Git Copy files to a server

In git I have a bitbucket remote setup and in local I have a new folder withfiles. How can I pull all the files in the remote to my local without deleting the files that arn't in the remote

Upvotes: 0

Views: 1698

Answers (2)

clamentjohn
clamentjohn

Reputation: 4017

Scenario 1: These are un-tracked file
You can just pull. None of your un-tracked files will be replaced

Git is a version control system. It keeps track of files you've asked it to track. So if you haven't set a file for git tracking it won't be replaced even if you git pull from remote.

Here's a demo bash script that will actually recreate your scenario.

#!/bin/bash

#from your home (~/) directory 
mkdir temp && cd temp

#Init a git bare repo (this is your remote)
git init --bare remote.git

#create local working tree 1 (this is user 1)
mkdir local_1 && cd local_1
git init
git remote add origin ~/temp/remote.git
touch file1
git add file1
git commit -m "first commit"
git push --set-upstream origin master
cd ..

# create local working tree 2 (this is user 2)
git clone remote.git
mv remote local_2 && cd local_2
touch file2

#make a new commit in local_1 and push it
cd ../local_1
touch file3
git add file3
git commit -m "second commit"
git push

#come back to local_2
cd ../local_2
#Pull and update your branch
git pull
#let's see if you still have file2 in your working tree.
ls file2
#yes you do!

After running this you can find that file2 still exist in your local_2 directory.

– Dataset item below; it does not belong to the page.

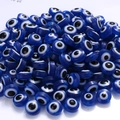 Flat round blue evil eye resin beads for DIY jewelry making and handmade accessories - Blue Black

Scenario 2: These are tracked file.
A pull will result in a conflict if the files have changed. So you just have to do the work to merge them.

Upvotes: 1

mhand
mhand

Reputation: 1277

I almost never use git pull and instead always use git fetch <remote> (such as git fetch origin). This fetches the files from your remote without modifying your local working files. You can then inspect further by doing something like:

git log --decorate --oneline --graph -20

I actually have that aliased as git tree - you can set up the alias using:

git config alias.tree llog --decorate --oneline --graph -20'

Once you fetch the files using git fetch <remote> you'll be able to look at them using the git tree alias I provided or by checking out a remote branch.